To do
In the listing below, find the line with "BUYNUK Blue Non-Toxic" and the line with "Devrim Özkan, sevgilisi", then return them and every line between them exactly, minus the pictures.

Listed records
• • • •

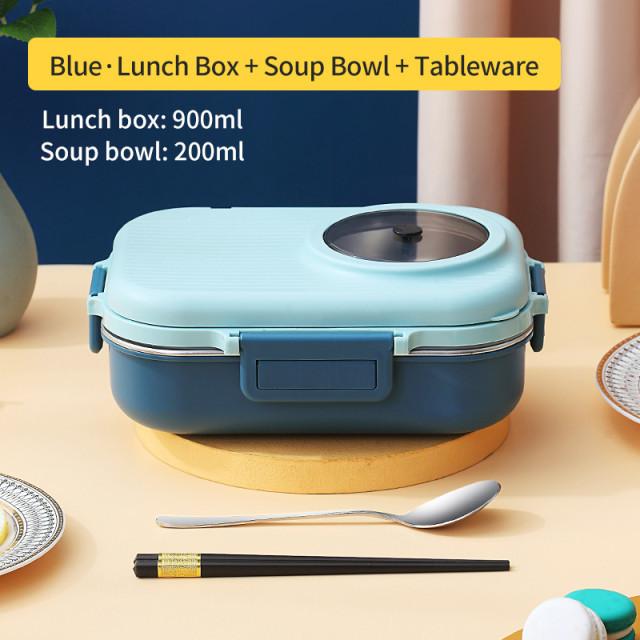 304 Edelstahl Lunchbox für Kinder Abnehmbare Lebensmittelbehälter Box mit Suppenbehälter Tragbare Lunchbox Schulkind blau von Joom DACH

• • • •

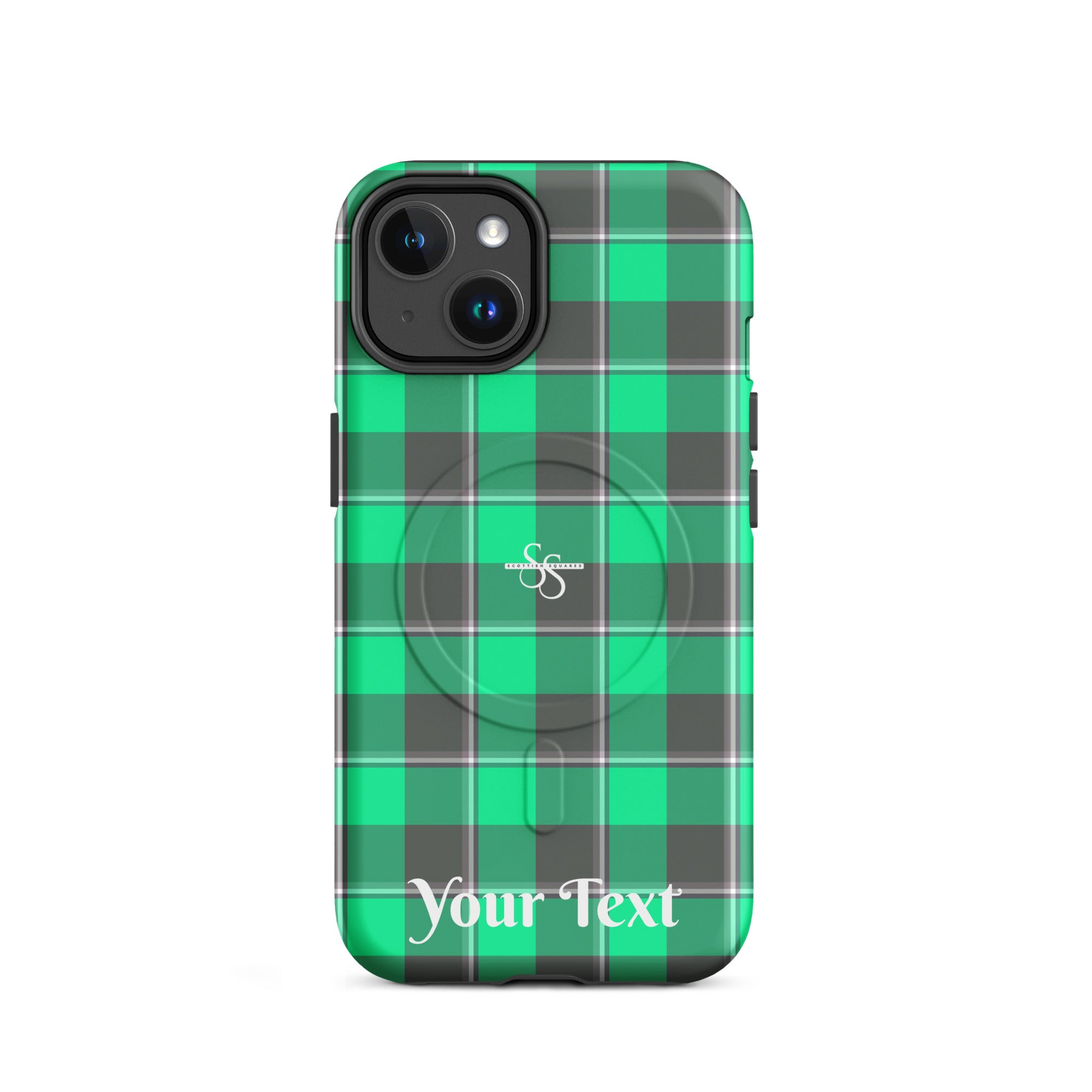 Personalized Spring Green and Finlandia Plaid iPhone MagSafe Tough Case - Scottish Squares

• • • •

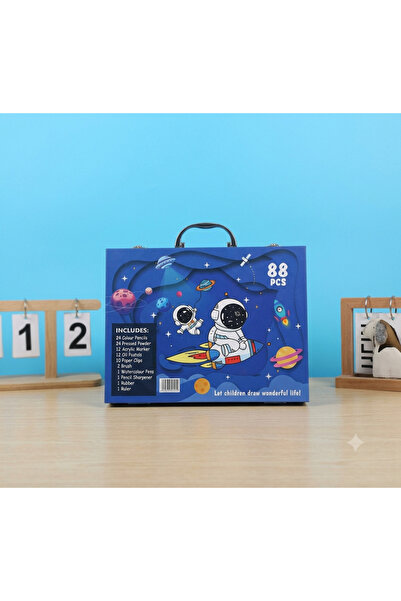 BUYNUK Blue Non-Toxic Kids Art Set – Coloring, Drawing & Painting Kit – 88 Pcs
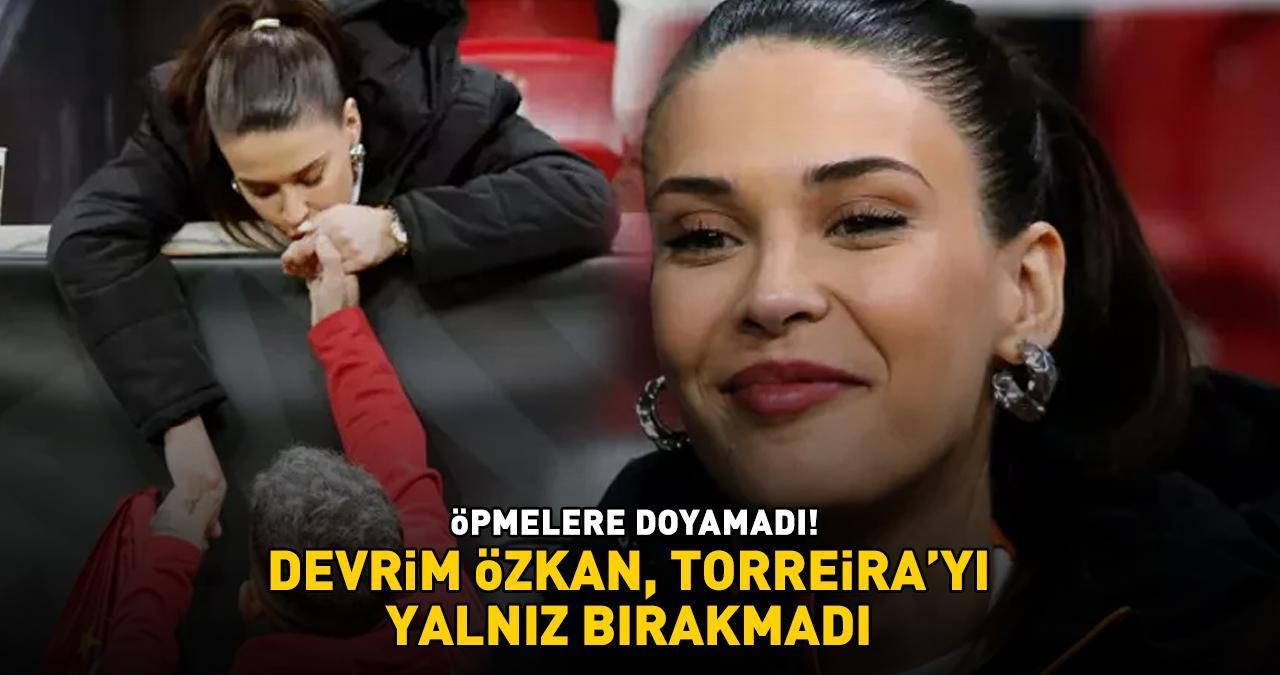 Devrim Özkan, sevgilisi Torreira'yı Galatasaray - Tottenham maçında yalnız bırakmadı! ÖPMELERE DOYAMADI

• • • •

Exercise solution
 BUYNUK Blue Non-Toxic Kids Art Set – Coloring, Drawing & Painting Kit – 88 Pcs
 Devrim Özkan, sevgilisi Torreira'yı Galatasaray - Tottenham maçında yalnız bırakmadı! ÖPMELERE DOYAMADI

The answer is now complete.